The relationship between maternal hypertensive disease of pregnancy and the incidence of idiopathic respiratory distress syndrome.

作者信息

Yoon J J, Kohl S, Harper R G

出版信息

Pediatrics. 1980 Apr;65(4):735-9.

PMID:7367080
Abstract

The relationship between maternal hypertensive disease of pregnancy (HDOP) and idiopathic respiratory distress syndrome (IRDS) was analyzed in 2,105 premature infants weighing between 1,000 and 2,199 gm and born between January 1968 and December 1975 at the Kings County Hospital Center and State University Hospital.
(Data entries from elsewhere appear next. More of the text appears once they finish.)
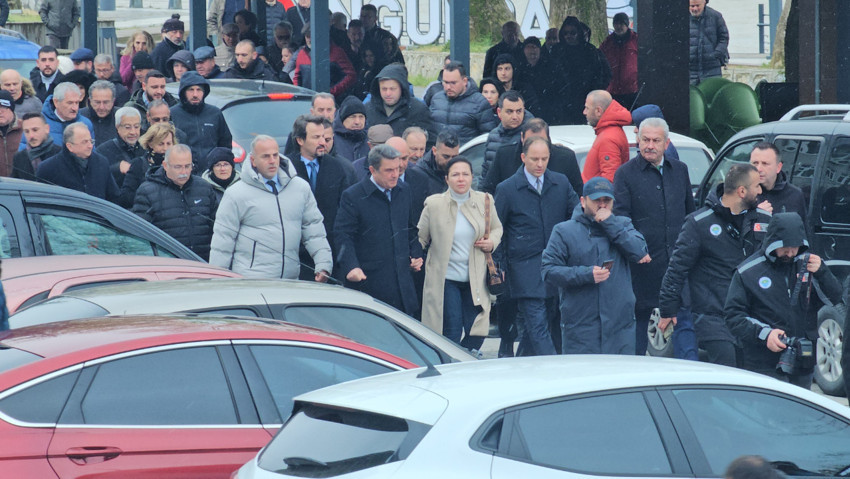 CHP'li bir belediye başkanı daha ifade verdi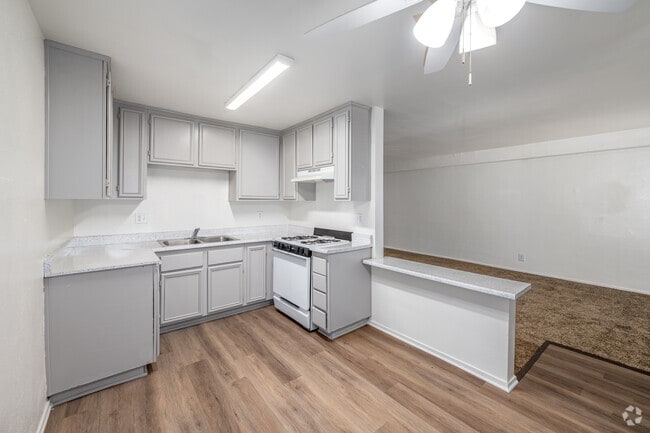 2BR, 1BA - 854SF - Kitchen - Summit Place Apartments
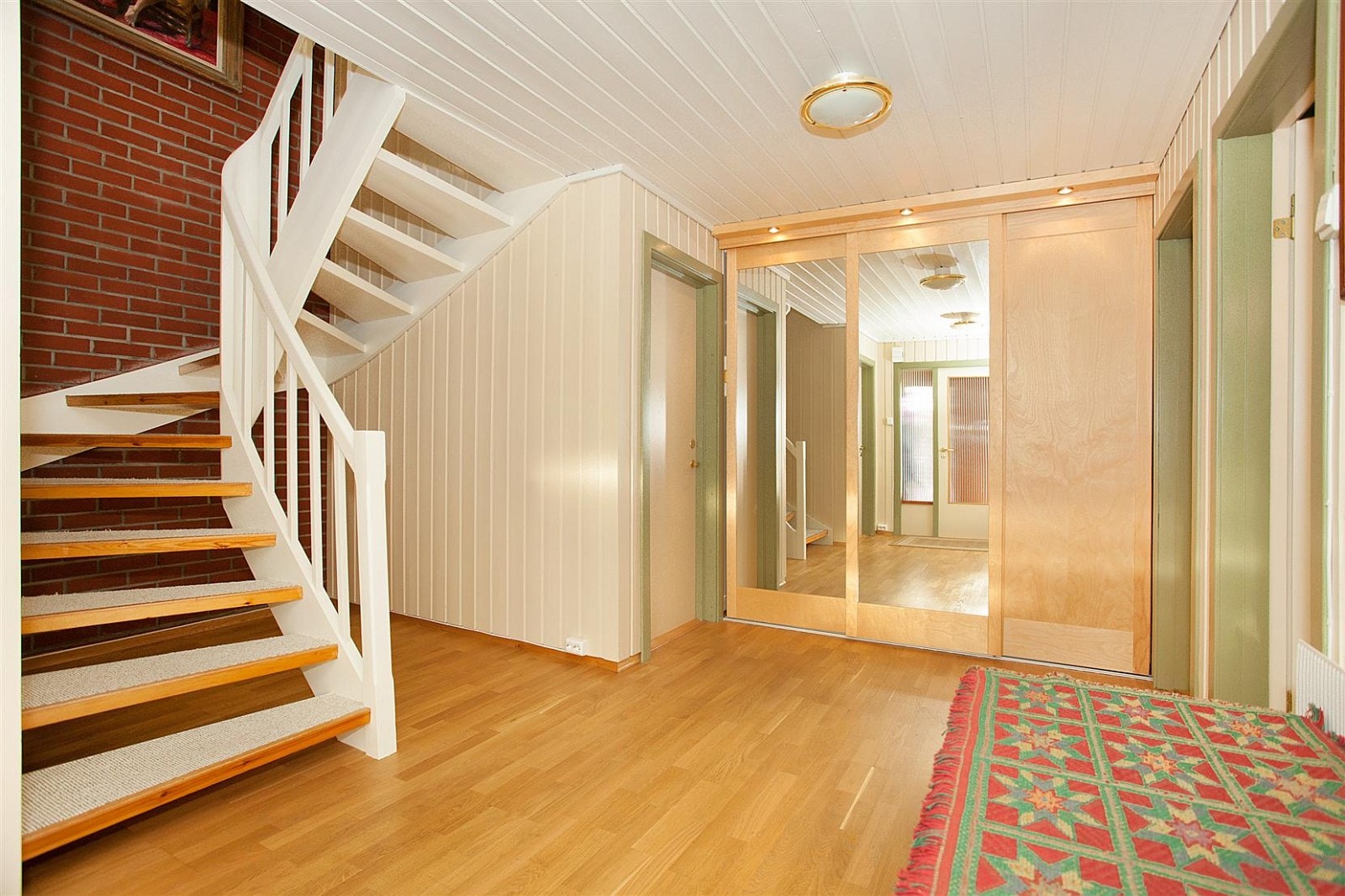 Stor hall med skyvedørsgarderobe i sokkel Galleribilde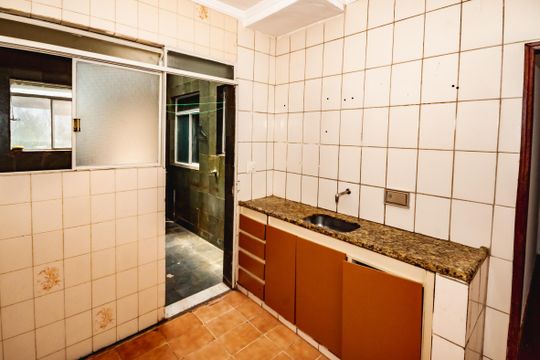 Cozinha de apartamento para alugar com 1 quarto, 52m² em Mantiqueira, Belo Horizonte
HDOP was diagnosed in 250 mothers of 2,105 infants studied. The incidence of IRDS (15.2%) in the HDOP group was significantly lower than the 29.9% in the non-HDOP group (P less than .001). In infants whose gestational age was 32 weeks or less, the incidence of IRDS was 26.1% in the HDOP group and 40.8% in the non-HDOP group (P less than .01). In infants whose gestational age was 33 weeks or more, the incidence (9.3%) in the HDOP group was significantly lower than the 18.4% in the non-HDOP group (P less than .005). The low incidence of IRDS in the HDOP group remained even after eliminating infants with known predisposing and protecting factors from the development of IRDS. The incidence of IRDS was inversely related to the severity of maternal toxemia. The total mortality and mortality with IRDS were not significantly different in both HDOP and non-HDOP groups. When the infants did not develop IRDS, the mortality rate in the HDOP group was significantly higher than that in the non-HDOP group especially in the lower gestational age group. These data suggest that chronic stress accelerates fetal lung maturation and severe chronic stress is even more effective in accelerating fetal lung maturation. When maternal toxemia was severe enough to accelerate the fetal lung maturation, the mortality rate of the infants without IRDS increased.

摘要

对1968年1月至1975年12月在国王郡医院中心和州立大学医院出生的2105名体重在1000至2199克之间的早产儿,分析了妊娠高血压疾病(HDOP)与特发性呼吸窘迫综合征(IRDS)之间的关系。在研究的2105名婴儿中,有250名母亲被诊断患有HDOP。HDOP组中IRDS的发生率(15.2%)显著低于非HDOP组的29.9%(P<0.001)。在胎龄32周及以下的婴儿中,HDOP组中IRDS的发生率为26.1%,非HDOP组为40.8%(P<0.01)。在胎龄33周及以上的婴儿中,HDOP组的发生率(9.3%)显著低于非HDOP组的18.4%(P<0.005)。即使从IRDS的已知易患和保护因素中排除婴儿后,HDOP组中IRDS的低发生率仍然存在。IRDS的发生率与母亲毒血症的严重程度呈负相关。HDOP组和非HDOP组的总死亡率和伴有IRDS的死亡率没有显著差异。当婴儿未发生IRDS时,HDOP组的死亡率显著高于非HDOP组,尤其是在较低胎龄组。这些数据表明,慢性应激会加速胎儿肺成熟,严重的慢性应激在加速胎儿肺成熟方面甚至更有效。当母亲毒血症严重到足以加速胎儿肺成熟时,无IRDS婴儿的死亡率会增加。